What you have to do: Would you write out the entries that follow word for word, omitting any images?

┌──

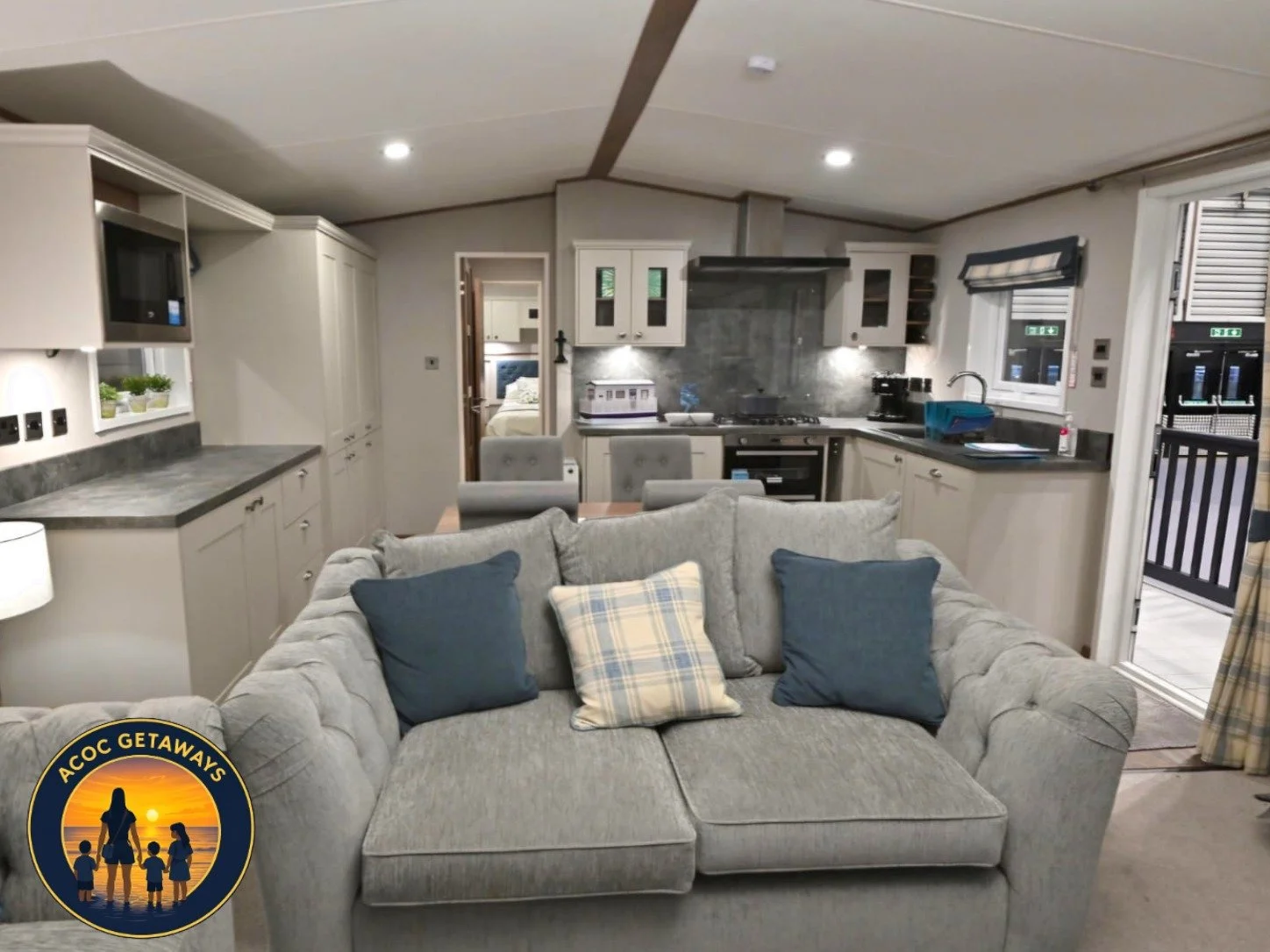 Living room and kitchen area of a cozy cabin or home with gray couch, blue and checkered pillows, kitchen cabinets, countertops, stove, and window with a view to a balcony.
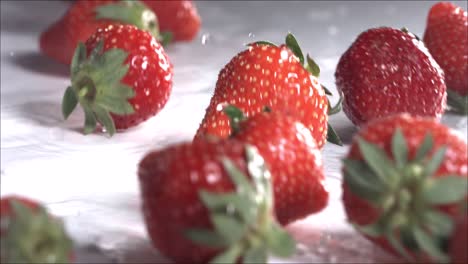 strawberries rolling down on white background. slow motion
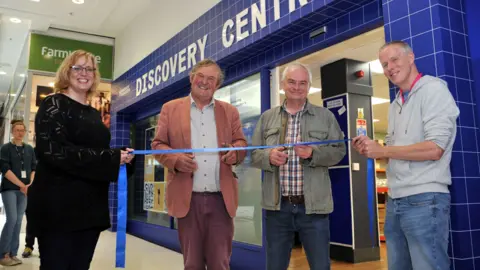 Mikal Ludlow A woman and three men, all smiling to camera, and holding a blue ribbon, standing in a shopping centre outside a store called 'Discovery Centre'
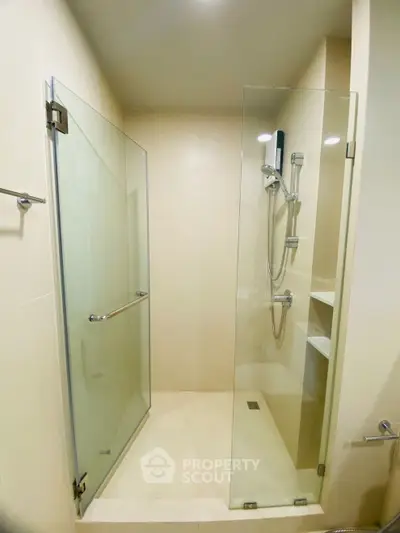 Modern bathroom with glass shower enclosure and sleek fixtures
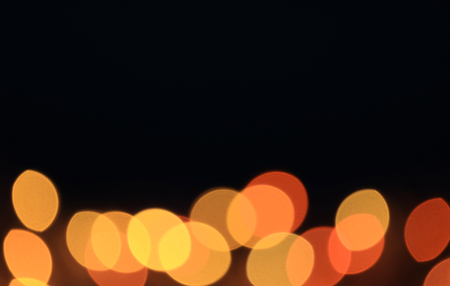 Blurred, Out of focus, Bokeh, Defocused Yellow and Orange Color Light in the Dark, Abstract...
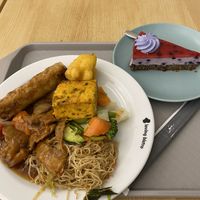 food from buffet and panna cotta cake  at Loving Hut - Vinohrady in Prague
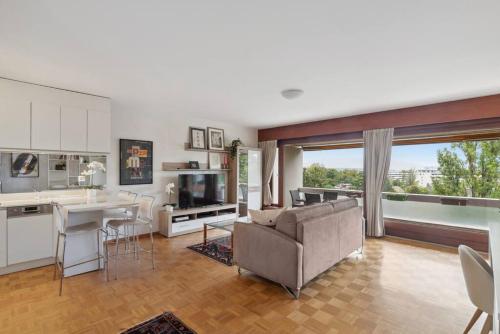 a kitchen and living room with a couch and a table at Tourelle - Appartement moderne dans le centre de Genève in Geneva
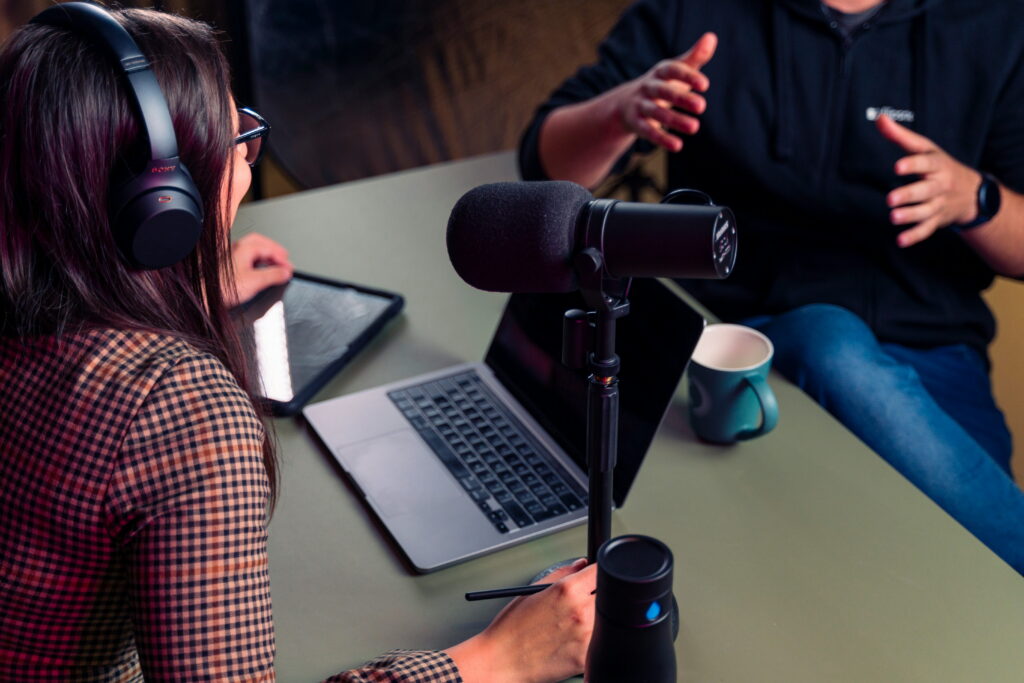 A female podcast host and guest having a discussion with headphones and microphone and a laptop visible.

└──

Your solution:
 Living room and kitchen area of a cozy cabin or home with gray couch, blue and checkered pillows, kitchen cabinets, countertops, stove, and window with a view to a balcony.
 strawberries rolling down on white background. slow motion
 Mikal Ludlow A woman and three men, all smiling to camera, and holding a blue ribbon, standing in a shopping centre outside a store called 'Discovery Centre'
 Modern bathroom with glass shower enclosure and sleek fixtures
 Blurred, Out of focus, Bokeh, Defocused Yellow and Orange Color Light in the Dark, Abstract...
 food from buffet and panna cotta cake  at Loving Hut - Vinohrady in Prague
 a kitchen and living room with a couch and a table at Tourelle - Appartement moderne dans le centre de Genève in Geneva
 A female podcast host and guest having a discussion with headphones and microphone and a laptop visible.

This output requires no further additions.